Sometimes, the problem is just timing.
In an honest attempt to simplify my menu planning, I signed up for a cleanse. A cleanse that I was really excited about. That I thought I wanted. I made the grocery list. I sent Nathan to the grocery store. I detoxed from caffeine. I was involved in the Facebook group. I was super super excited.
But then, two days in to the food restriction, I felt terrible. My joints - especially in my fingers - ached. My lips were cracking. And the only thing I could think about was a glass of milk.
Not sugar. Not grain. But a glass of milk.
So I had one.
It wasn't a knee-jerk decision. I weighed my options. I thought about what I was potentially giving up. I thought about my financial commitment. But I realized that I could still cook everything on the menu.
And I could add cheese if I wanted.
So I had a glass of milk. And maybe it is in my head, but I woke up feeling like me again.

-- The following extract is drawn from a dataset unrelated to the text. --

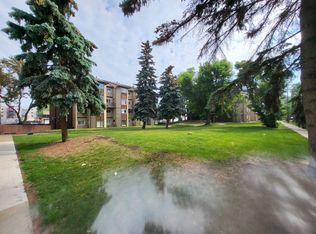 9238 110a Ave NW, Edmonton, AB T5H1J4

And that is what is most important to me today. In a world where I am preparing for yoga teacher training trip 2. In a world where work feels less than stable. In a world where I want so many things to be different but am terrified of change.
I need to feel like me. I need to be grounded in who I am, physically and emotionally.
This is not the time to cleanse. There will be a time, but this is not it.
I am still decaf. I am still keeping the additions to my day. But I'm also listening to my body. Because I know what I need. And more challenge is not what I need.
I am not giving up. I am not jumping ship. I am just saying not right now.